A motorcyclist, characteristically dressed all in black leather, just stopped right in front of us. Dismounting, the helmet came off and a swish of bright, blond hair came out. She shook her head like a Clairol model…and then began to take her pants off. Well, actually, she was stripping off her riding pants, underneath of which were a pair of blue jeans…but our pulse picked up for a moment.

…And now she’s packed her pants into a backpack and headed off down the street.

Every neighborhood has its charm.

This morning, we thought we saw Audrey Hepburn re-incarnate. This time it was a motor scooter that brought her before us. The scooter stopped in the middle of the Rue Royale. A sprightly young woman got off the back, she took off her helmet…and gave a kiss to the man in front of her. Then, she set off across the street.

This is a professional neighborhood. In the morning, men are almost all dressed in suits. Women wear elegant work outfits. They all bustle around until about 9:30 AM; by then, they have taken up their jobs and the tourists and shoppers take over.

It is nice, but this "quartier" — near the Madeleine — is much more businesslike…and more chic…than our old digs on the Rue de la Verrerie. We miss the geriatric whores…the flamboyant poofters…and the mentally deranged street people — we loved them all. Near the old office, for example, an old man lived in a cardboard box. He had been there for years…and sported a long gray beard. We used to ask him for financial advice occasionally…but he gave us only cryptic replies. Is the economy improving, we had asked? "Strawberry raincakes," he replied.

And the prostitutes…what a delight it was to sit in the Paradis Café and drink a glass of cheap rouge with them. One always wore a black, lacquered rain coat and carried a white lapdog with her. We never saw her with a paying customer…and we couldn’t imagine who would pay for her services…but it was a pleasure to be in her company. For there was a woman who understood the financial industry. “If they don’t pay…well, f*** ’em,” we overheard her say to the bartender one day. It was a phrase so rich in paradox…yet so sure and to the point…we could tell immediately that she might have had a nice career on Wall Street if fortune had taken her in that direction.

But she probably began business long before women were admitted to financial careers. In fact, she was so old, she probably started out before women could even vote in France.

We’re not joking; women only got the vote in France in 1945. Since then, the country has been going downhill, as any Frenchman will tell you.

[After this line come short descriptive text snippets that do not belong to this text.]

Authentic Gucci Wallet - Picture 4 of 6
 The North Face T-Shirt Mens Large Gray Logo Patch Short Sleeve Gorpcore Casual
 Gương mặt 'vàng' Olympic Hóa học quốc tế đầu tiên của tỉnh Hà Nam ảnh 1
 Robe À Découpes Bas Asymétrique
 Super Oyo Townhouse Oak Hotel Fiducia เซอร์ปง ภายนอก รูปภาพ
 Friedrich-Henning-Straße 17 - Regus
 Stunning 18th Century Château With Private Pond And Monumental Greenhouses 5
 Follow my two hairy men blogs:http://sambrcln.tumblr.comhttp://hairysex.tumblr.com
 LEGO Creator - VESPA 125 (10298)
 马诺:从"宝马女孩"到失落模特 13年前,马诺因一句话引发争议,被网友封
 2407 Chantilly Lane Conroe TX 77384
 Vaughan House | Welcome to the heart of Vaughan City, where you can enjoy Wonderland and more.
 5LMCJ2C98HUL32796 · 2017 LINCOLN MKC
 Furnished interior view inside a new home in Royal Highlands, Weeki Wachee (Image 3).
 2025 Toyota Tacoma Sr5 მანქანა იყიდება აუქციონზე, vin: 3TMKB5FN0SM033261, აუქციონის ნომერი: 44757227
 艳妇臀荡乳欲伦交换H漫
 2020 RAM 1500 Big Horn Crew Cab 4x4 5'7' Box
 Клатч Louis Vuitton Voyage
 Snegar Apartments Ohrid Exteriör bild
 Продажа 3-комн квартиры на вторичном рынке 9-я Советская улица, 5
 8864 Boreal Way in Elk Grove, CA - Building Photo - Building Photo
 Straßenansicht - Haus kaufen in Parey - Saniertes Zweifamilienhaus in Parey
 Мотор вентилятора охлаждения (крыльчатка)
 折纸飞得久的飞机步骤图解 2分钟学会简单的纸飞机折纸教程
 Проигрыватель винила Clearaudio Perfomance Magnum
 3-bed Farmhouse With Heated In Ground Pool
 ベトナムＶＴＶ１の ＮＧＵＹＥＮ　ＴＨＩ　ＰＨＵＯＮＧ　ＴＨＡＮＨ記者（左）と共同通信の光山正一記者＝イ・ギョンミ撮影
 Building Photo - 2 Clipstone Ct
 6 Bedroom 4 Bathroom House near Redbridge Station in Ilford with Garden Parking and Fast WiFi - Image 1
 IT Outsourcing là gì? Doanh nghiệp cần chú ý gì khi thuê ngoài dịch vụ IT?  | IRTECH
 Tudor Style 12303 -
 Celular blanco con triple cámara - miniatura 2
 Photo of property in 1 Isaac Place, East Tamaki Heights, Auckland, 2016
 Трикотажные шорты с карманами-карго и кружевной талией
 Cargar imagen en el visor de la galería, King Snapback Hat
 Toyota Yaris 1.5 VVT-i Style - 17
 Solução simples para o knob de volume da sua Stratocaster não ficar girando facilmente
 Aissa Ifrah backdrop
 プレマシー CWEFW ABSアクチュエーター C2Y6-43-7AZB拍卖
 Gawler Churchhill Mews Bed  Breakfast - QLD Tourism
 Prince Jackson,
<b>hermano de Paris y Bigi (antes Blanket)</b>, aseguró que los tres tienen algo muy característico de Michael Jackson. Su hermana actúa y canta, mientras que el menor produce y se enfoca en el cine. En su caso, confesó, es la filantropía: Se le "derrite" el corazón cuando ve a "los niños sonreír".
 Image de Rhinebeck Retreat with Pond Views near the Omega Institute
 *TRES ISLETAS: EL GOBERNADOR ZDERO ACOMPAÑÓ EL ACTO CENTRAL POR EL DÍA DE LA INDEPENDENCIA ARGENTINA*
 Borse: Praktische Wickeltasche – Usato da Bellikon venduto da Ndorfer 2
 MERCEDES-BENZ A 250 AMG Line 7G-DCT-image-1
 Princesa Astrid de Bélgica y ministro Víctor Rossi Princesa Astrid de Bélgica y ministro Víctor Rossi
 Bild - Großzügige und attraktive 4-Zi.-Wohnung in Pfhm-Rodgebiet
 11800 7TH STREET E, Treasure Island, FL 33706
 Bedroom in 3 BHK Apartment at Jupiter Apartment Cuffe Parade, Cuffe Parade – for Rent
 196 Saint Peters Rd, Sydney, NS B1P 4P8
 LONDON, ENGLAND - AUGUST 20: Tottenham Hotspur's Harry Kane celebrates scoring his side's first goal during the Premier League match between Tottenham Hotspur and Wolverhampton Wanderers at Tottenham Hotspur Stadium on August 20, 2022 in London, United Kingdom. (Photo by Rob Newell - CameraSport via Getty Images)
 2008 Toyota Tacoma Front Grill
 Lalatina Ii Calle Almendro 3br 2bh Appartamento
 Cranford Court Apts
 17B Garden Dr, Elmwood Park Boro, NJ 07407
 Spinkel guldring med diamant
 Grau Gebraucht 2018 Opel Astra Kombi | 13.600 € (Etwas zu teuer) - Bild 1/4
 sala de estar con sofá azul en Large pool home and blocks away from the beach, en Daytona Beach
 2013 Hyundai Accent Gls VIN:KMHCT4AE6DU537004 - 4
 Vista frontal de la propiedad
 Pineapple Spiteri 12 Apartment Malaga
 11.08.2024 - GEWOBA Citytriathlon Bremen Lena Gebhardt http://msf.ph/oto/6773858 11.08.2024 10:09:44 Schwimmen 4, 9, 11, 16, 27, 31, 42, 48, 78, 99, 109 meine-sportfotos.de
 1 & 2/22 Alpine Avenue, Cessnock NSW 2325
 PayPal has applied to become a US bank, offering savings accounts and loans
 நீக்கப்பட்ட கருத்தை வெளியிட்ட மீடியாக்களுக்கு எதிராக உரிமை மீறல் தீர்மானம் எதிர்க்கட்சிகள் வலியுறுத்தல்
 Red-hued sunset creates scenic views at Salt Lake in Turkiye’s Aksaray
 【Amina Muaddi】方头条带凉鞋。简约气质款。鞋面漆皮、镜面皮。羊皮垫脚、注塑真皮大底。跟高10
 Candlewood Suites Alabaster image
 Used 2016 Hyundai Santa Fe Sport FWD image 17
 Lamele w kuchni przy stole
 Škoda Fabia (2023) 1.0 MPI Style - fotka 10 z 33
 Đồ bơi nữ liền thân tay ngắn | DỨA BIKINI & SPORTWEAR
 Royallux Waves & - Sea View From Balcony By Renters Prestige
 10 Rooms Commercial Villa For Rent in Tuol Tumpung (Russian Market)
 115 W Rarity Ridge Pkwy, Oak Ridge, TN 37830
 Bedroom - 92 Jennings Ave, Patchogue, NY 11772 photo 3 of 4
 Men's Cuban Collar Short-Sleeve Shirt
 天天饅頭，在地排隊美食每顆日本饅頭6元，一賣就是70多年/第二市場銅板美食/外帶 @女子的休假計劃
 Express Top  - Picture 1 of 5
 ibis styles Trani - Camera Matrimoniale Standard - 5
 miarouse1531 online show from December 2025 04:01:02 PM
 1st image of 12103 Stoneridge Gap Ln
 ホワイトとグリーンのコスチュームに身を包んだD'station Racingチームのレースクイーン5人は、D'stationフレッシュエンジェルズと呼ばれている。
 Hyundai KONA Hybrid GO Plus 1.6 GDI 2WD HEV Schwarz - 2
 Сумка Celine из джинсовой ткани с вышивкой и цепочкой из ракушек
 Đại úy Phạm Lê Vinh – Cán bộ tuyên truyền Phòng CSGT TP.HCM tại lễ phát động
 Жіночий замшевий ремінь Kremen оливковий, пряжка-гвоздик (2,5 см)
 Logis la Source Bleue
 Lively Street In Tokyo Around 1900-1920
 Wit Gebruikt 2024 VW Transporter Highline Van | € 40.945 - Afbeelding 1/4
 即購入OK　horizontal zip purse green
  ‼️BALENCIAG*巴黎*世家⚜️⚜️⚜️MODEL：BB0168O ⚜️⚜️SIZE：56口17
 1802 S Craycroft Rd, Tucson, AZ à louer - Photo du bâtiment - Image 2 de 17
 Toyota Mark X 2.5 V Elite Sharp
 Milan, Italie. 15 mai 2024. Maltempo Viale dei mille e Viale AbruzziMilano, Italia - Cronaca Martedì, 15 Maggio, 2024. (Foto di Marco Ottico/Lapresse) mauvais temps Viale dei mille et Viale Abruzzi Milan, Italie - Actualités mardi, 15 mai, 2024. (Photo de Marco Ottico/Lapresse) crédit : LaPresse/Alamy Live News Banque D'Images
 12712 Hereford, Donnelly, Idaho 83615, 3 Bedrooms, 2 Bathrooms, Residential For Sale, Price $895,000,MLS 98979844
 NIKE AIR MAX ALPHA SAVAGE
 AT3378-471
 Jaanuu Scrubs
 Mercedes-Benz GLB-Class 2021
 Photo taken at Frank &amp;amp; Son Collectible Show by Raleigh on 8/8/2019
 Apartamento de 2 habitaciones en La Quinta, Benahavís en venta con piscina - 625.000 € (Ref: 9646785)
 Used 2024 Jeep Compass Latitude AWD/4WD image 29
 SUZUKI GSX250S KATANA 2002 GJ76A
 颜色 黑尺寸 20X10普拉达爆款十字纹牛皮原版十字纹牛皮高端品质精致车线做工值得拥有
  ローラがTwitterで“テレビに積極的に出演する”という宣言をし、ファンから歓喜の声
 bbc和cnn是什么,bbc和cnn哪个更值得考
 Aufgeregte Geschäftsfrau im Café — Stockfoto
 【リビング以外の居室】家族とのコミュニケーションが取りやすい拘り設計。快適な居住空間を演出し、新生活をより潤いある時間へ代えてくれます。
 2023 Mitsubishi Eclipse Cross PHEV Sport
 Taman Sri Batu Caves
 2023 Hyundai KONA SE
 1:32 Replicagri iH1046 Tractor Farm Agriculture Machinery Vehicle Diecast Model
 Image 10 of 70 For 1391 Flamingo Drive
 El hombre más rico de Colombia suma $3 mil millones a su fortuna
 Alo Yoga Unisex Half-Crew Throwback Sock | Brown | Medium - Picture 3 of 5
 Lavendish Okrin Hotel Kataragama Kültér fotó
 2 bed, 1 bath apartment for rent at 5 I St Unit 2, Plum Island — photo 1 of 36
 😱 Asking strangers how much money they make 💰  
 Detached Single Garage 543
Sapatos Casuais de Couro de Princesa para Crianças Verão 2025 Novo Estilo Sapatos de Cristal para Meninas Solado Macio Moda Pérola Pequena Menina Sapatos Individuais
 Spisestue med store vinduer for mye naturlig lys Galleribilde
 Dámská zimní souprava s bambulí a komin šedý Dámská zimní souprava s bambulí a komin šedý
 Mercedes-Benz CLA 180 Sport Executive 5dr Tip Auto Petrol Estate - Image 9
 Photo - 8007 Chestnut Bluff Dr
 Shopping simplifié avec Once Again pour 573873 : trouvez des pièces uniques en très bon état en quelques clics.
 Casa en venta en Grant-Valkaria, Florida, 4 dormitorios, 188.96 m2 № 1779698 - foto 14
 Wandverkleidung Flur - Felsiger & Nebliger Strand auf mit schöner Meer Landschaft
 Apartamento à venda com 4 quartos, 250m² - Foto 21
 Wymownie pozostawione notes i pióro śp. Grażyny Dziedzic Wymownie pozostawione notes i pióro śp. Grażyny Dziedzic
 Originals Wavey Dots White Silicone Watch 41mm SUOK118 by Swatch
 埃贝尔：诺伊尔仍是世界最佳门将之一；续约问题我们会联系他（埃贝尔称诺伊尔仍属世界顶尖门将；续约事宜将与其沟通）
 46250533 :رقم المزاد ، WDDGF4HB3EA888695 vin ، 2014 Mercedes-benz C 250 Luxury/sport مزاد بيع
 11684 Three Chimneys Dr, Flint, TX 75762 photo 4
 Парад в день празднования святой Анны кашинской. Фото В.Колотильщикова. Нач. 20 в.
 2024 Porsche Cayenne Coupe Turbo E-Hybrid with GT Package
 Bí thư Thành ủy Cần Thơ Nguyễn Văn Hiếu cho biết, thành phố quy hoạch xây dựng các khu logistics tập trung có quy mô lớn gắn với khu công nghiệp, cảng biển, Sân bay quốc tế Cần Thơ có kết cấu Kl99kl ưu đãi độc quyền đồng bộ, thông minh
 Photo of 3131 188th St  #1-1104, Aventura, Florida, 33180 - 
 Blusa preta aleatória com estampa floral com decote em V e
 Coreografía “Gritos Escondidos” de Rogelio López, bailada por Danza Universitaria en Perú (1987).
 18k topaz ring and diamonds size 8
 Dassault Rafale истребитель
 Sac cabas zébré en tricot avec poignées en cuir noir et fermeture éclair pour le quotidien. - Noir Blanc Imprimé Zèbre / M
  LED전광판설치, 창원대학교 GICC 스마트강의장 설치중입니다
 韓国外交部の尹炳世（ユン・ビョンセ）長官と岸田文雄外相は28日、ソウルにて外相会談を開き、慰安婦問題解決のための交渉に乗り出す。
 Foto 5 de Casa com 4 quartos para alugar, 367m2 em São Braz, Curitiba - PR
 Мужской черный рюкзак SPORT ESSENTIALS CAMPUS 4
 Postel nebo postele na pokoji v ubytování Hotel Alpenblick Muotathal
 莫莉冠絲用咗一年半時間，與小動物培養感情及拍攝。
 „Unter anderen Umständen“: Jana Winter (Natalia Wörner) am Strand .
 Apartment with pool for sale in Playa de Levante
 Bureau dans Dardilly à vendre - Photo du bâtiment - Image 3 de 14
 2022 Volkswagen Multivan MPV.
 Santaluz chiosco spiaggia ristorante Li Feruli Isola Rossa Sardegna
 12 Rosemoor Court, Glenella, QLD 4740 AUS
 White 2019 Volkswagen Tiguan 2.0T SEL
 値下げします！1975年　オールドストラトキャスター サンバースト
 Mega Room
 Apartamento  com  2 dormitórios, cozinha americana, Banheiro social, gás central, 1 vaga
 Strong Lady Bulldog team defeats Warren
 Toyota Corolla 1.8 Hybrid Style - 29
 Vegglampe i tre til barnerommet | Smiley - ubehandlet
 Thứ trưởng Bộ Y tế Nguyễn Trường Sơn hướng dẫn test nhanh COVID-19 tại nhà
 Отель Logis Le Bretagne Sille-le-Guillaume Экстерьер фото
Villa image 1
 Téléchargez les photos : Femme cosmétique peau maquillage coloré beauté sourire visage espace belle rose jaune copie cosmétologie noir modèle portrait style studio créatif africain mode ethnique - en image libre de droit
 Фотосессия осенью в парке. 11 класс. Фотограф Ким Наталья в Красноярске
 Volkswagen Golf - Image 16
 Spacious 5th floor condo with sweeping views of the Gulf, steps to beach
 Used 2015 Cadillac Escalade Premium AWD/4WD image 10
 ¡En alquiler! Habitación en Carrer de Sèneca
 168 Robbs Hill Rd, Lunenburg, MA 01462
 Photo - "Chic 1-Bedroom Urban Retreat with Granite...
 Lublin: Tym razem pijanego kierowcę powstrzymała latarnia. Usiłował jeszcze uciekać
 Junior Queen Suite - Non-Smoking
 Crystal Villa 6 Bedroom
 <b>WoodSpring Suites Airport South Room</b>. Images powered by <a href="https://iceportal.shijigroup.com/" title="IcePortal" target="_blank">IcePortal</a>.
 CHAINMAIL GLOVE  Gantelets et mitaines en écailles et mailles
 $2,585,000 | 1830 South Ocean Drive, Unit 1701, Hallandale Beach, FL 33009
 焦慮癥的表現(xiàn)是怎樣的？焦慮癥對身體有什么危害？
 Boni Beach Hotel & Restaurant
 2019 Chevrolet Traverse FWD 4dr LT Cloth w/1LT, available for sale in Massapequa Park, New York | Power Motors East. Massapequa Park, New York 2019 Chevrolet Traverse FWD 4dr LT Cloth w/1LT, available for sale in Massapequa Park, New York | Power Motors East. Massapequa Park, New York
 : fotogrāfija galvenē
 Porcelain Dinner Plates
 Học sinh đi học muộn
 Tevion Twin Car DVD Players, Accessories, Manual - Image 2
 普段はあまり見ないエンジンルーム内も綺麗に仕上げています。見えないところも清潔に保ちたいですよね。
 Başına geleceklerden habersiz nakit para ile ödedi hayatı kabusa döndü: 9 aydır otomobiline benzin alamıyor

Of course, it’s not women’s fault. The system degrades naturally and ineluctably. Feminine intervention is not needed.

"As soon as women take over a profession," said our neighbor yesterday, "the profession is discredited. The first women to enter a formerly male profession are seen as pioneers…they are highly regarded. But when women dominate the profession, the profession itself is downgraded. It is taken less seriously. People earn less.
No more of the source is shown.